Squire has been in business for 50 years this year, and all three barbers — Bob Youtsler, Pete Kurtz and Ishmael “Charlie” DeBord — have cut every hair in the place.

Youtsler, 80, left his uncle’s barber shop in Middletown after eight years and opened Squire’s on Jackson Lane on Feb. 6, 1968. At the time, Roosevelt was a cornfield, and there were only a few businesses in the area.

DeBord, 75, who worked with Youtsler for two years in his uncle’s shop, followed. Kurtz, 70, whom Youtsler found at a Dayton barber college, joined the trio.

The band of barbers has been together since.

Only the Rolling Stones have played longer.

No one has had more fun working together or sharing as many laughs. The three co-workers act more like brothers. Over the last 50 years, they have spent more time together than with their wives.

When they weren’t cutting hair six days a week, they were hunting and fishing. When they wanted to get away, they taped a note on the front door: “Closed for plumbing repairs. Be back in three days.”

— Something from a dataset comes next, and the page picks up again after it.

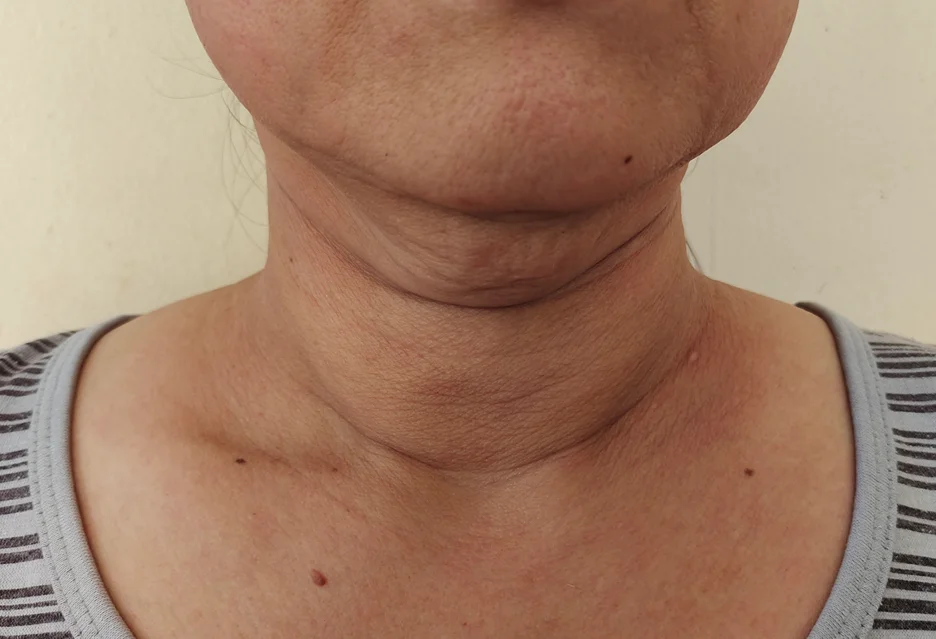 An expert's close-up examination of a woman's neck, recovering from seroma after chin lipo.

That was code for Gone Huntin’ to West Virginia.

The three have celebrated birthdays, wedding anniversaries and the births of children and grandchildren, but also have visited each other in the hospital and attended funerals.

The partnership seemed like it was going to end recently after Youtsler returned from being off work for several weeks for a medical reason. He told his buddies he was ready to retire, and he’d give them the shop. There were tears and hugs, of course. But DeBord and Kurtz wouldn’t let Youtsler retire. Instead, they allow him to work in his same front booth and set his own hours.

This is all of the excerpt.